The new NSIDC pages, are titled “Greenland Ice Sheet Today
” and will feature satellite images of ice sheet updated daily showing the melt experienced by the Greenland Ice Sheet as well as scientific analysis.
The Greenland Ice Sheet is an important climate indicator as well has having a significant impact on climate. It contains massive volumes of frozen fresh water with the potential to raise sea levels and cause coastal flooding in many areas if ice sheet melt continues.
Greenland’s Ice Sheet expands in winter and contracts in summer but over the past 34 years or so of satellite and ground observation, the mass of the ice sheet has been reducing. That is to say, the winter ice sheet has gradually become both thinner and less widespread. Whilst the NSIDC records that ice core records reveal similar evidence of past heatwaves, the current annual extent of Greenland Ice Sheet melt has never been seen at such levels since satellite records began.
In 2012, as reported in Digital Journal
, the Greenland Ice Sheet experienced the strongest melt season yet seen with some of the most massive icebergs ever recorded
calving from Greenland’s glaciers at an unprecedented rate.
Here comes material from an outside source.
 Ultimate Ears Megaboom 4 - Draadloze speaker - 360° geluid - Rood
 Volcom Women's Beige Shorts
As NSIDC
“Greenland’s surface melting in 2012 was intense, far in excess of any earlier year in the satellite record since 1979. In July 2012, a very unusual weather event occurred. For a few days, 97% of the entire ice sheet indicated surface melting.”
So significant was the heightened ice sheet melt in Greenland during 2012, that the NSIDC has now published a special report, “An intense Greenland melt season: 2012 in review
.” The key points to emerge from the report are:
• The 2012 melt was the most intensive observed since satellite observation started in 1979. At one point in July 2012, 97% of the Greenland Ice Sheet was experiencing ice melt.
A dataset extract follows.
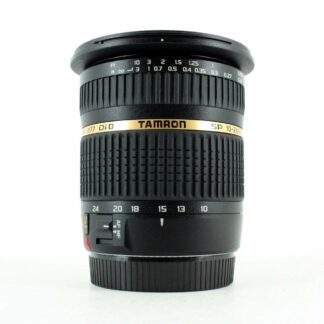 Tamron SP AF 10-24mm f/3.5-4.5 Di II LD Aspherical (IF) Canon EF-S Lens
• The 2012 melt season lasted two months longer than the average since 1979.
• 2012 was the first year where ice melt was recorded at some point over the whole ice sheet.
• In July 2012, some inland areas two miles above sea level, experienced ice melt for the first time since observations began. Previously, such events had only been observed on a few occasions in ice core samples dating back 1,000 years.
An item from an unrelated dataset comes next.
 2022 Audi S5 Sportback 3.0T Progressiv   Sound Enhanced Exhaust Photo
• Such was the increased and unprecedented ice melt at higher elevations that the intensity of run-off water caused damage to bridges and other structures.
• Zones where ice melts and refreezes, known as ‘facies,’ are steadily moving uphill. In turn this is contributing to a ‘runaway’ melt effect as the underlying, previously unexposed surface warms up causing future melts to become more rapid and frequent.
• Summer warmth in Greenland in 2012 was both more widespread and more intense. In melt areas, June to August temperatures were some 2°C higher than the 1981 to 2010 average. Over the ice sheet as a whole, temperatures were 1.5°C above the average.
Not only is the ice sheet significant from the observational standpoint of accelerated melt, but the effects of increased melting of the Greenland Ice Sheet can alter weather patterns over great distances. Increasing ice sheet melt means increasing flows of denser fresh water into the northern Atlantic and higher temperatures in the Arctic generally due to a reduction in the amount of the Sun’s rays reflected back into space as a result of reduced ice cover. White ice and snow is highly reflective but darker, bare rocks and earth absorb the Sun’s rays, heating up.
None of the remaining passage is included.